13. Mr Nicholson relied on the European Casework Instructions which are reproduced in the appellant's Rule 24 response. This guidance states that the burden of proving that a marriage is one of convenience is on the Secretary of State. I accept that this guidance states that the burden is on the Secretary of State whereas, as stated above, European law and guidance and the guidance of the Tribunal is more nuanced than this. The correct approach must be to follow European law and case law rather than the respondent’s guidance.
14. Mr Nicholson also submitted that the respondent had not produced any evidence as to the intentions of the parties at the time of the marriage. I agree that the emphasis should be on the intentions of the parties at the time the marriage is contracted.

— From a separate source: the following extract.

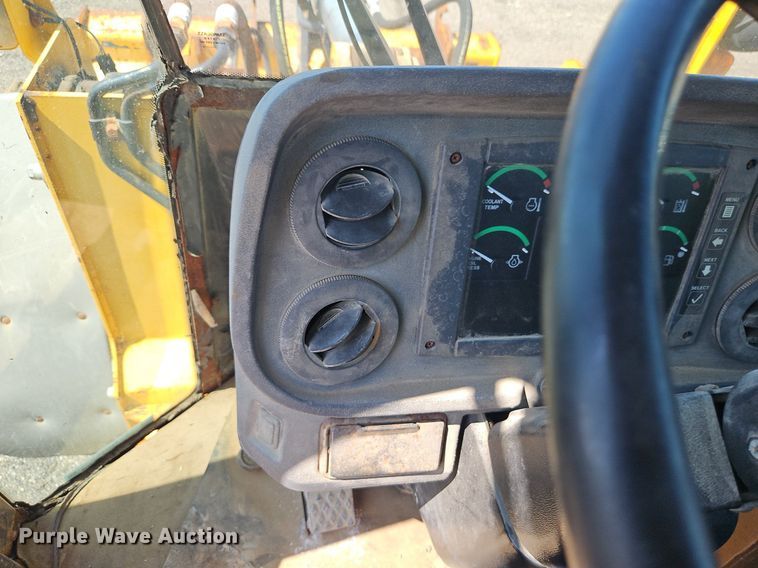 image for item EI8347 2006 John Deere 444J wheel loader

I also agree that in this case the questions reproduced in the Reasons for Refusal letter all relate to current circumstances whereas the couple have been married since 2009. However current circumstances can cast light on a couple’s intentions at the time of their marriage. It should be clear that this is how such evidence is being viewed. It is not clear from the Reasons for Refusal letter that this was in the mind of the interviewer or decision maker.

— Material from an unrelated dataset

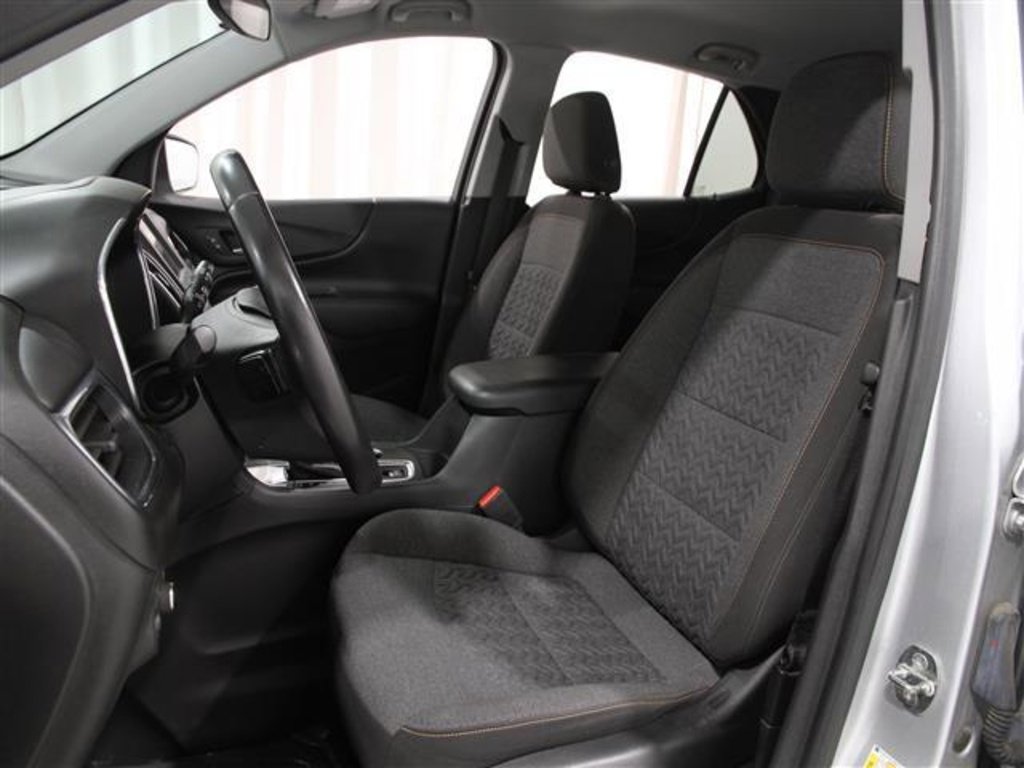 Used 2022 Chevrolet Equinox LT w/ Driver Convenience Package image 5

15. Mr Nicholson submitted that it is clear from the determination of the First-tier Tribunal Judge that the evidential burden did not shift in the current case as the Secretary of State did not submit sufficient evidence to discharge the burden upon her. In the alternative he submitted that, if the Secretary of State did discharge the burden, the appellant then discharged the burden on him in light of the oral evidence from the appellant's wife and the other evidence submitted.
16. I accept this latter submission in light of my reading of the determination as a whole. The First-tier Tribunal Judge dealt with all of the submissions made by the presenting officer at the hearing. He accepted that the interview carried out by the respondent demonstrates that there have been some difficulties in the couple’s relationship but that it is ‘a long way short of demonstrating that there (sic) marriage is one of convenience’ [60]. It is clear from this that the Judge did not accept that the interview in itself demonstrated that the marriage is one of convenience. However the Judge did not stop there but considered all of the evidence before him. He said that he found the evidence of the appellant's wife credible and accepted that she and the appellant lived together in Spain before coming to the UK in 2012 and since their arrival. He accepted that, whilst there may have been periods when the couple are apart, for example when the appellant's wife goes to Ireland, ‘their relationship remains a genuine one and is not a marriage of convenience’ [61].

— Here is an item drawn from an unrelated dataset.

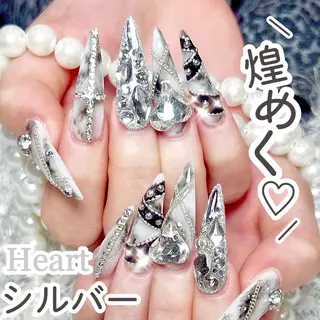 ネイル a.mika ☁️のネイルデザイン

17. In considering the evidence in this way I am satisfied that the Judge took the correct approach, that recommended by the Tribunal in Papajorgji to ask himself whether in light of all the evidence he was satisfied that ‘it is more probable than not this is a marriage of convenience’ [39].
Conclusion:
The making of the decision of the First-tier Tribunal did not involve the making of a material error on a point of law.
The decision of the First-tier Tribunal shall stand.